A listless debate saw our freedom die not with a bang but a yawn
Twas the night before Lockdown and all through the House, not a creature was stirring, except a small clutch of irate MPS. You see, for much of yesterday’s debate, the PM was Awol. Perhaps, like political junkies everywhere, he was sneaking in a nap, having stayed up to watch the US elections. Perhaps he was taking the opportunity for a final business lunch or soft play session. Either way, his absence was eminently forgivable; it’s not as if MPS were debating whether to persist with the biggest seizure of personal freedom in British history, or anything like that.

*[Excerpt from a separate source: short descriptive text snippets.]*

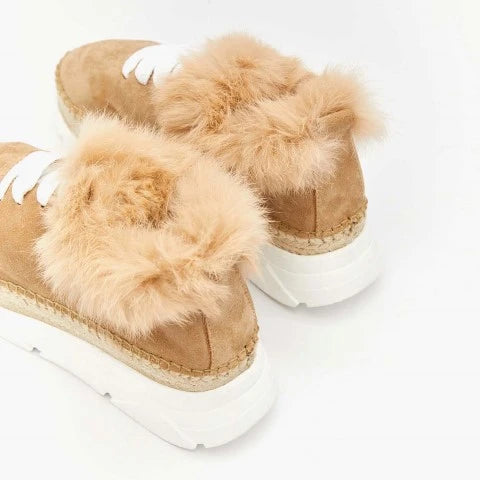 Zapatillas mujer en serraje canela con pelo | Naos 91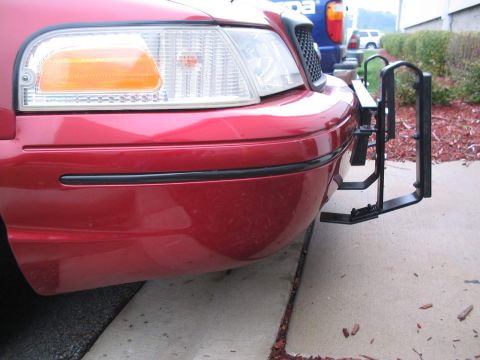 2001 Ford Crown Victoria - Oh, and I like this style bumper. COmes in handy too. Like, when you have to push dead cars at work into the shop, or, uh, push dumpsters b…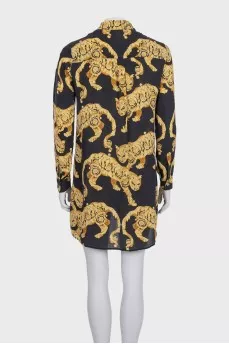 Straight-cut silk dress with a print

Things began, in true Groundhog Day style, with expressions of regret and resolve. Though he admitted “the regional approach was showing signs of working”, the PM remained implacable on the need for escalation. “The whole House will share my sorrow at the necessity of these measures,” he emoted soulfully. Under the circumstances, this was a sly presumption. When you’re forcing supermarkets to cordon off “nonessential” items and banning socially distant outdoor sports, even the most lockdown fanatical lawmakers would probably find something disproportionate. And so they did. One by one, they stood, betraying their different interests from their special pleadings. Peter Bottomley lamented the closure of golf courses and outdoor tennis courts – though he drew the line at wrestling. Munira Wilson of the Lib Dems made a plea for skateparks.
Sir Keir Starmer quibbled on technicalities, critiquing the “lack of consultation” with faith groups ahead of restrictions on worship that Labour would have doubtless consulted on had they been in charge. The PM watched the tirade sullenly, arms folded, occasionally exchanging a disbelieving glance with Matt Hancock, like a pair of schoolboys caught in detention.

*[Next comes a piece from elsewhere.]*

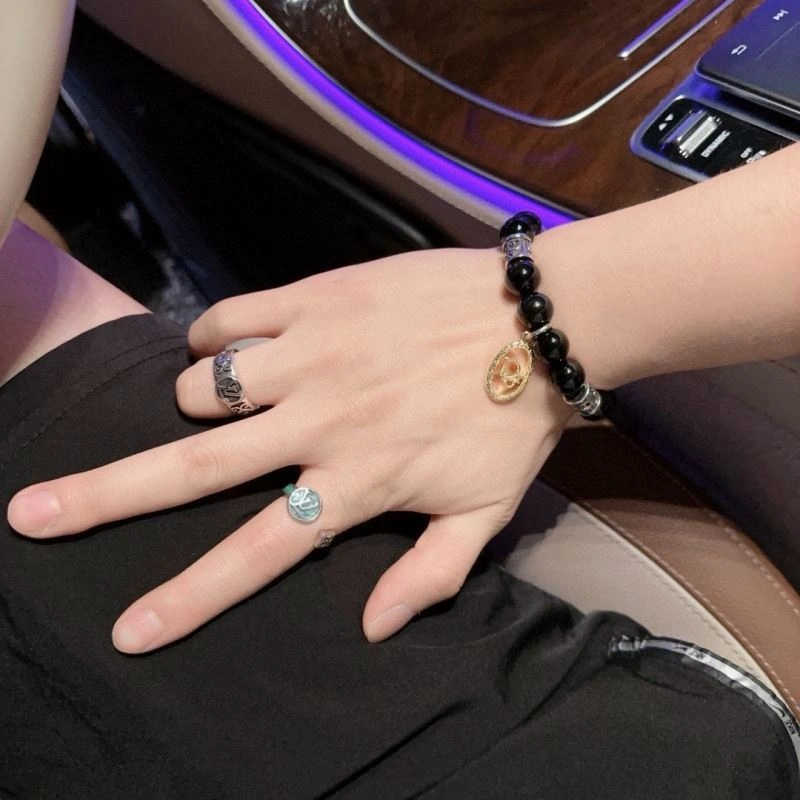 Christian Dior Bracelets Sophisticated 235105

And the Health Secretary wasn’t setting the finest example either, tapping away on his iphone throughout – even after the Speaker reprimanded another MP for reading a newspaper.
When Theresa May arose, Mr Johnson scuttled out. Her plea for detail on the costs of lockdown reminded me of a Head of Economics at a girls’ school. “Come on Emily, I need proper detail, not just a speculative guess.”
Then the Brexit cavalry charged against its former commander. Iain Duncan Smith peppered clubbable praise for the PM with thunderous criticism. “It’s not a circuit breaker, it’s a business breaker!” he cried. “Modelling is not evidence!” roared Sir Edward Leigh. With a studied lump in his throat, Mr Hancock insisted “the measures do not come easily to me”. Why so modest? Not since an eightyear-old Mozart composed his first symphony has anyone taken so quickly to anything as has our Health Secretary to the seizure of power.
As Mr Hancock summarised the reasons for lockdown, a tired-looking PM re-emerged, staring listlessly at the ceiling. And that was how freedom died – not with a bang but a yawn. In the event, the rebels numbered just 38.